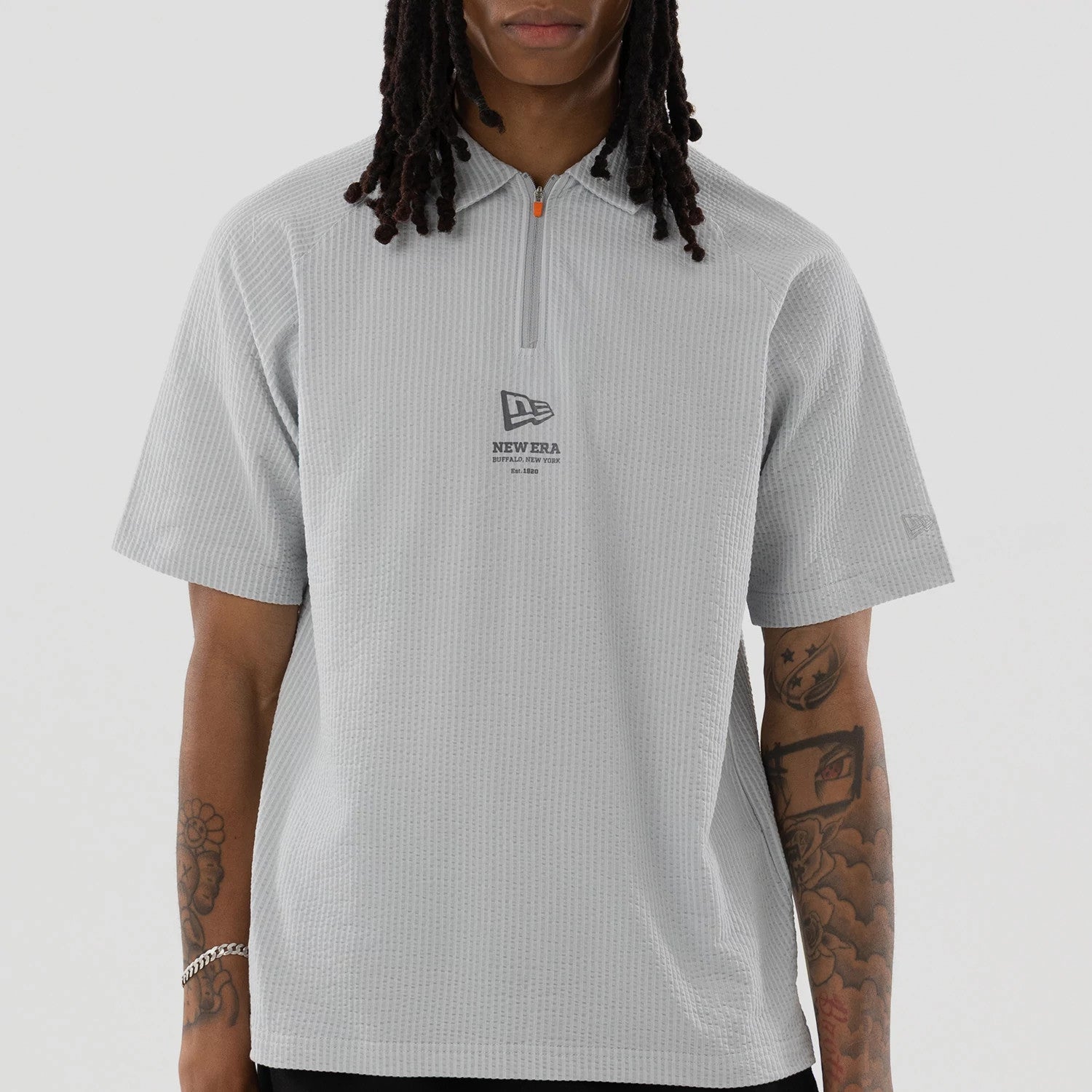 The model is wearing this New Era Seersucker Polo T-Shirt in grey. 3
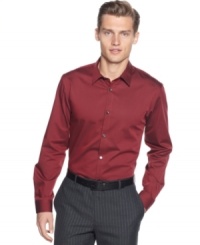 Wear this shirt from your cubicle straight to a dinner party. This long sleeve tonal stripe shirt by Calvin Klein is a must have. Wear this shirt from your cubicle straight to a dinner party. This long sleeve tonal stripe shirt by Calvin Klein is a must have.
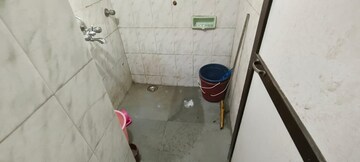Bathroom in 2 BHK Apartment at Giriraj CHS Naupda, Naupada – for Rent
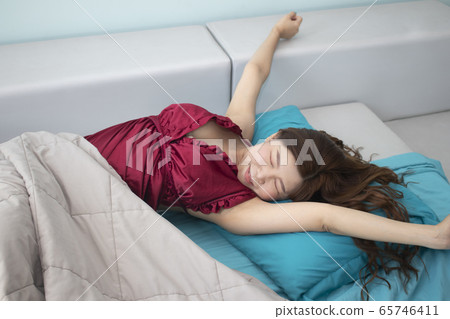 Asian woman stretching in bed after wake up in Asian woman stretching in bed after wake up in 65746411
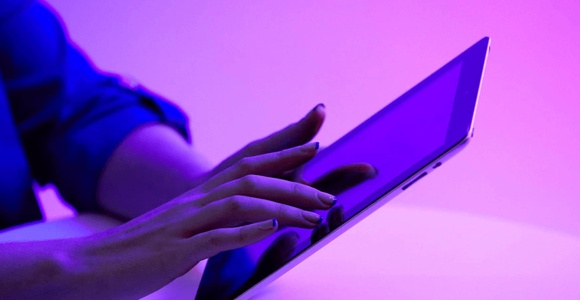 A person using a laptop in a room illuminated by purple light.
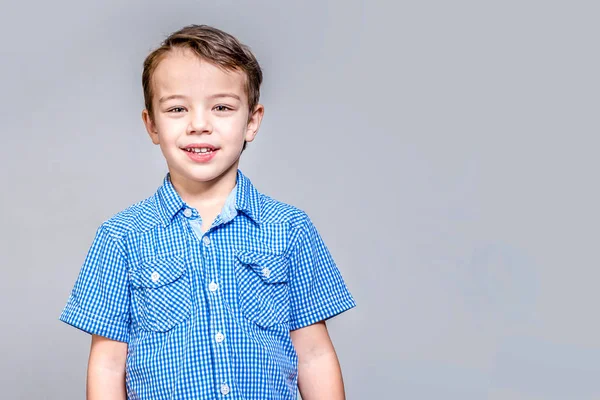 Bonito menino sorridente em azul camisa xadrez no fundo cinza . — Fotografia de Stock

__Goal of the exercise__
What the answer needs is every line from the one with "must have. Wear" through the last line of the data, reproduced word for word and with pictures omitted.

__Answer to this problem__
 Wear this shirt from your cubicle straight to a dinner party. This long sleeve tonal stripe shirt by Calvin Klein is a must have. Wear this shirt from your cubicle straight to a dinner party. This long sleeve tonal stripe shirt by Calvin Klein is a must have.
Bathroom in 2 BHK Apartment at Giriraj CHS Naupda, Naupada – for Rent
 Asian woman stretching in bed after wake up in Asian woman stretching in bed after wake up in 65746411
 A person using a laptop in a room illuminated by purple light.
 Bonito menino sorridente em azul camisa xadrez no fundo cinza . — Fotografia de Stock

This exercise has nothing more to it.